Pictures are to be excluded. Please print only the lines from the one containing "Business Motivation Icon Pack Fill Svg Icons" through the end of the data, exactly as they appear.
(Beginning of LISTED ENTRIES)
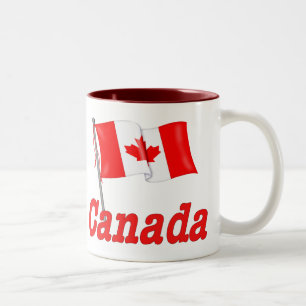Canada Waving Flag Two-Tone Coffee Mug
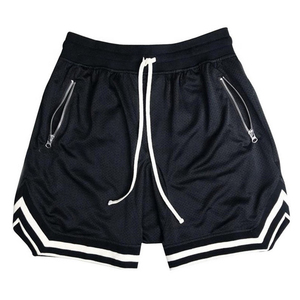 Shorts de basketball pour hommes en mesh avec poche zippée et cordon de serrage, pour la gym, le sport, la course, l'entraînement, le fitness, vêtements athlétiques, personnalisables, vente en gros, OEM, nouveauté - Product Image 4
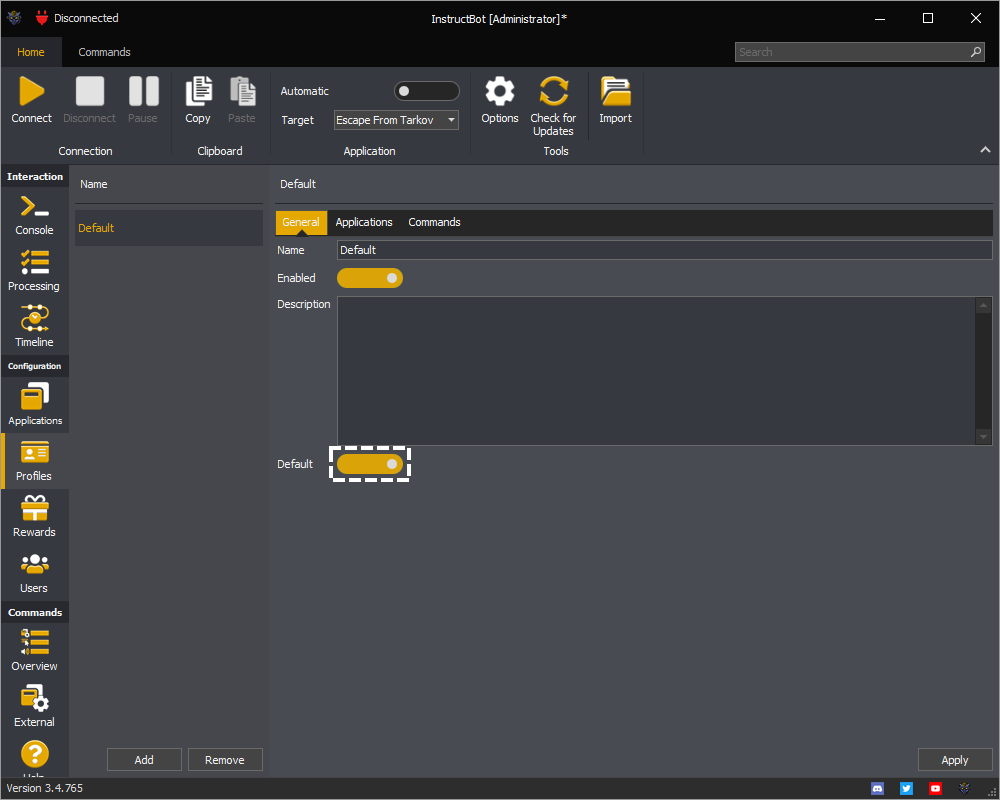 InstructBot profiles screen showing the default profile toggle button.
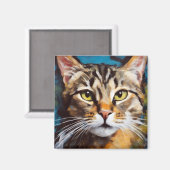 Art feline Tabby kat expressionist Magneet (Voorkant / Achterkant)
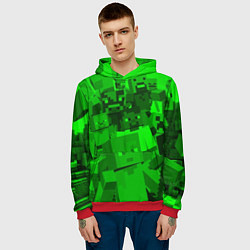 Толстовка-худи мужская Minecraft game characters, цвет: 3D-красный — фото 2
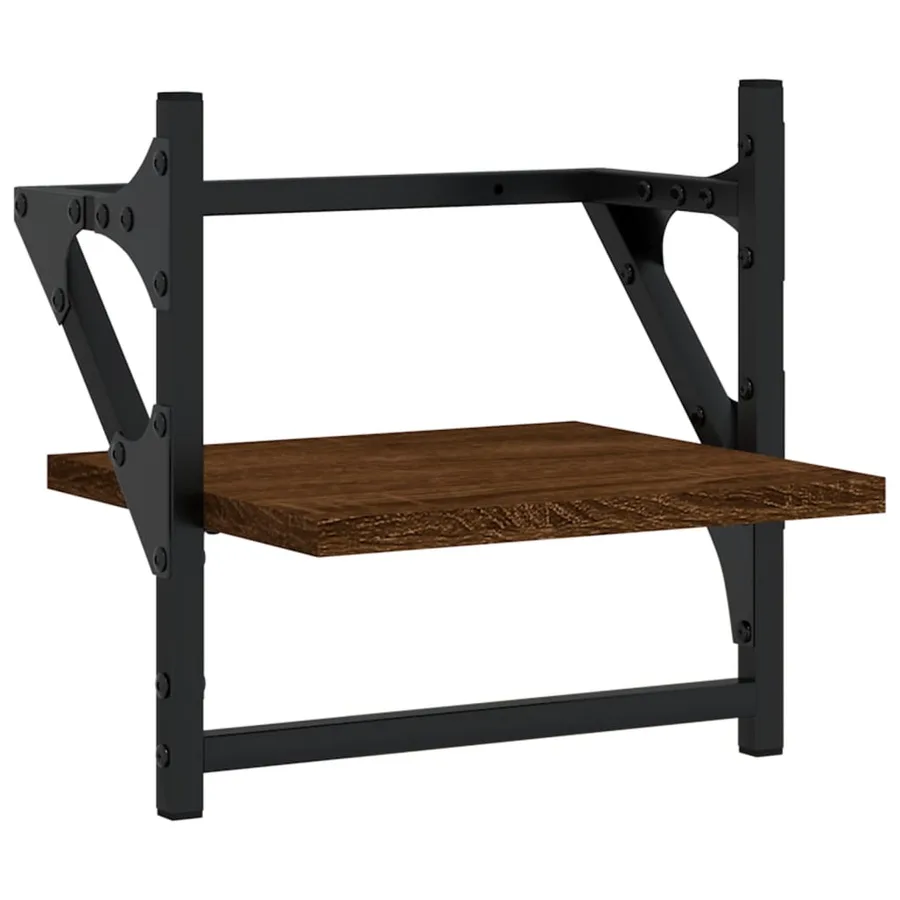 Ensemble d'étagères murales avec barres 4 pcs chêne marron - 9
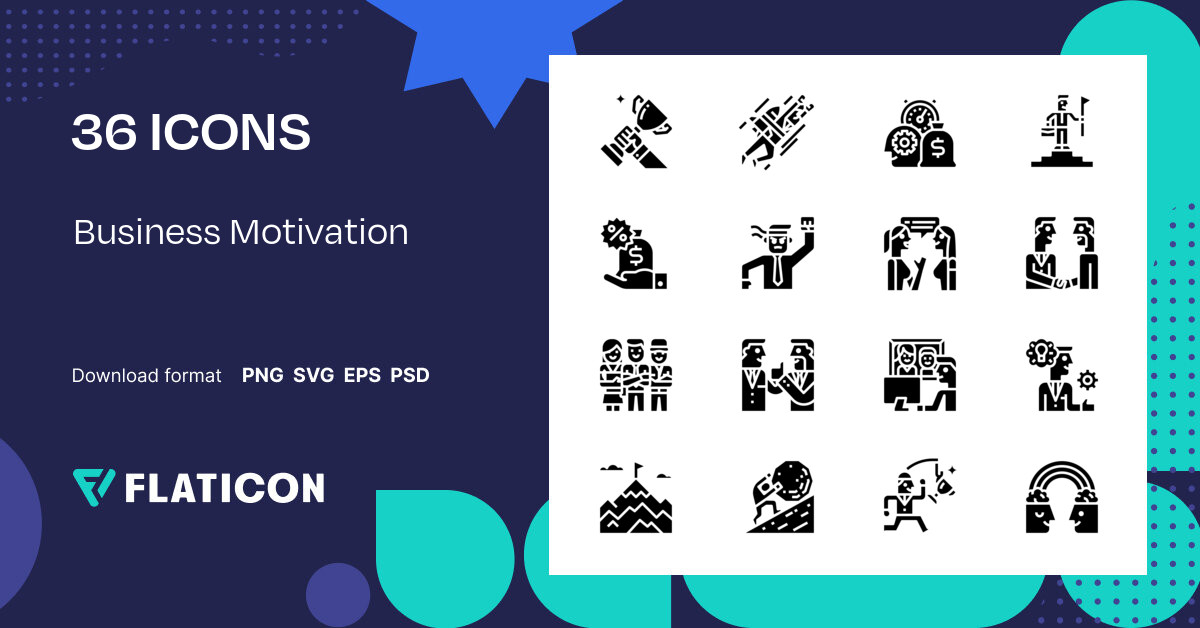 Business Motivation Icon Pack Fill Svg Icons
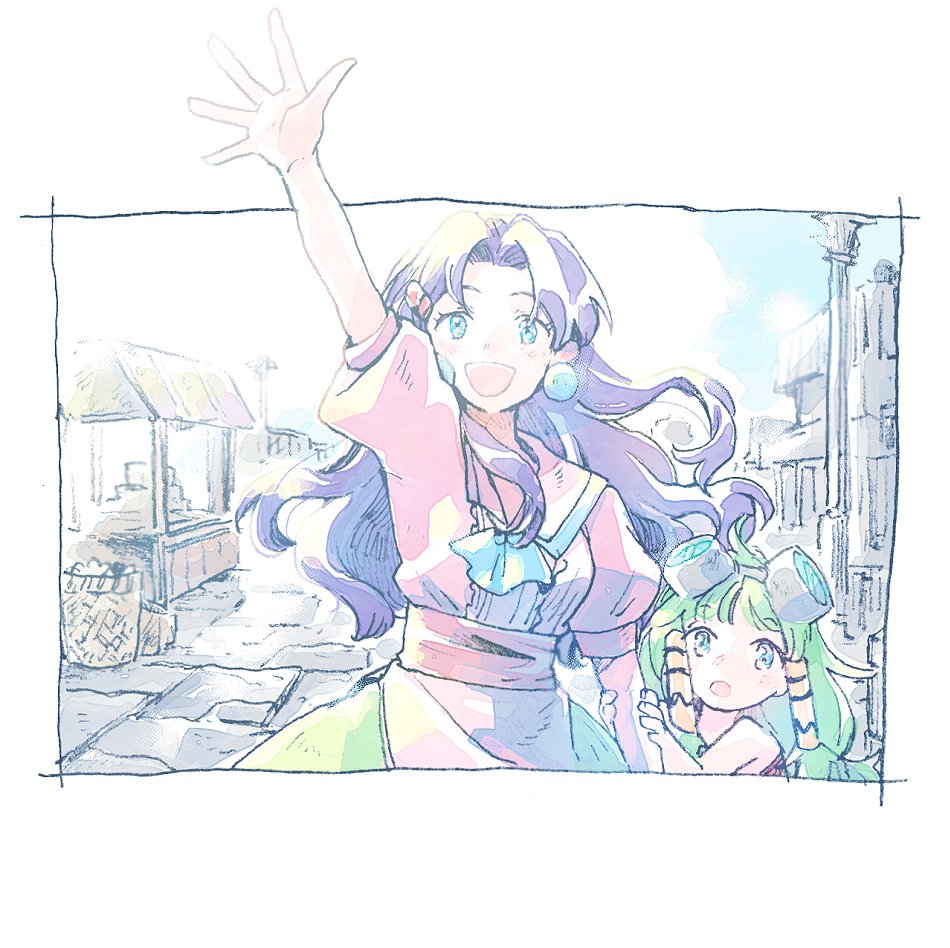 2girls, aged_up, blue_eyes, dress, earrings, goggles, grandia, grandia_i, green_hair, hair_ornament, hair_tubes, jewelry, long_hair, looking_at_viewer, michibata_65, multiple_girls, open_mouth, purple_hair, smile, sue_(grandia), waving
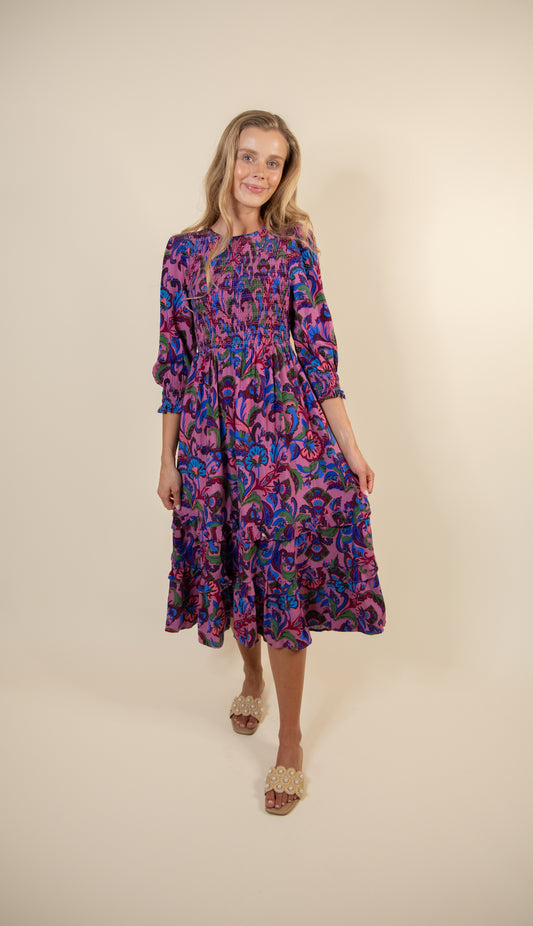 The Kailey Smocked Dress in Whimsy Floral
(End of LISTED ENTRIES)
» **REPLY**:
 Business Motivation Icon Pack Fill Svg Icons
 2girls, aged_up, blue_eyes, dress, earrings, goggles, grandia, grandia_i, green_hair, hair_ornament, hair_tubes, jewelry, long_hair, looking_at_viewer, michibata_65, multiple_girls, open_mouth, purple_hair, smile, sue_(grandia), waving
 The Kailey Smocked Dress in Whimsy Floral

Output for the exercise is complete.